Bally's Atlantic City produced EBITDA of $40 million in the first quarter of 2002 versus $35 million in the first quarter of 2001. Table game win was up approximately 10 percent and slot win was essentially unchanged versus last year's first quarter results.
EBITDA at Caesars Atlantic City improved approximately 21 percent in the first quarter of 2002 to $40 million compared to $33 million in 2001. A 14 percent increase in slot handle, a 7 percent increase in table play and a one percentage point higher table hold drove this $7 million increase.
The Atlantic City Hilton generated $12 million in EBITDA in the first quarter of 2002, flat with last year's first quarter results. The Atlantic City Hilton experienced a one percent improvement in slot handle and a two percent increase in table game drop during the quarter. However table hold was more than two percentage points lower than last year, causing EBITDA to be flat with the prior year.
"The Eastern Region properties continued to focus on strategic database management, customer loyalty programs, creative marketing initiatives and cost control. All these things, coupled with excellent weather in the northeast, were strong catalysts for the quarter," said Barr.
Western Region
The Western Region reported $105 million in EBITDA for the first quarter of 2002 compared to $152 million for the first quarter of 2001. The shortfall was primarily due to weak results early in the quarter coupled with a two percentage point decline in table hold versus last year's first quarter. The company experienced significant increases in hotel occupancy, average daily rate and gaming volumes as the quarter progressed. In March the company reported 98 percent occupancy in Las Vegas with average daily rates at approximately 99 percent of last year's rates.

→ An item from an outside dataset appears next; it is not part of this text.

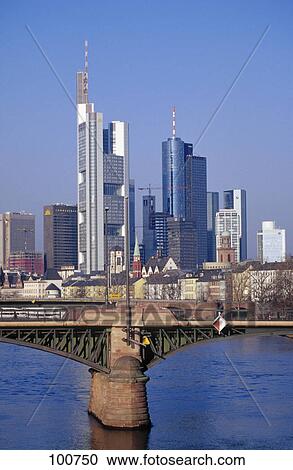 Bridge across river with skyscrapers in background, Ignatz Bubis Bridge, River Main, Frankfurt, Hesse, Germany View Large Photo Image Stock Image - Bridge across river with skyscrapers in background, Ignatz Bubis Bridge, River Main, Frankfurt, Hesse, Germany . Fotosearch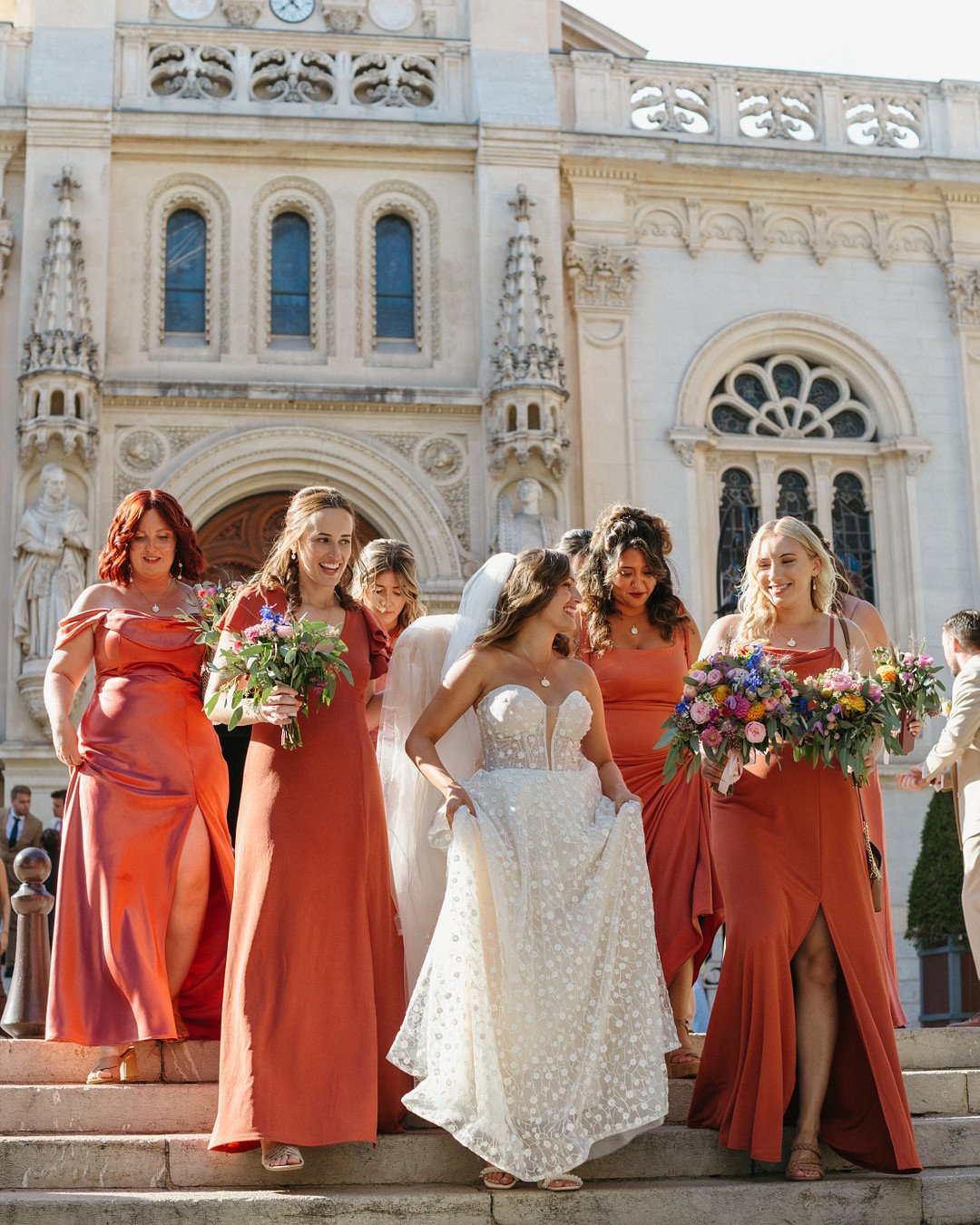 bride in strapless gown laughing with bridesmaids in silk and chiffon salmon dresses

Paris/Bally's Las Vegas reported EBITDA of $46 million in the first quarter of 2002 versus $59 million in the first quarter of 2001. The decline is primarily attributable to a three percentage point decline in table hold versus last year. Paris/Bally's Las Vegas had a strong March generating $22 million in EBITDA versus $22 million last year.
Caesars Palace reported EBITDA of $17 million during the first quarter of 2002, down from last year's $31 million. The shortfall was primarily due to sports book losses associated with the Super Bowl, lower table game win and severance charges. In addition, the property is undergoing extensive expansion and is experiencing business disruption from ongoing construction at two Strip entrances.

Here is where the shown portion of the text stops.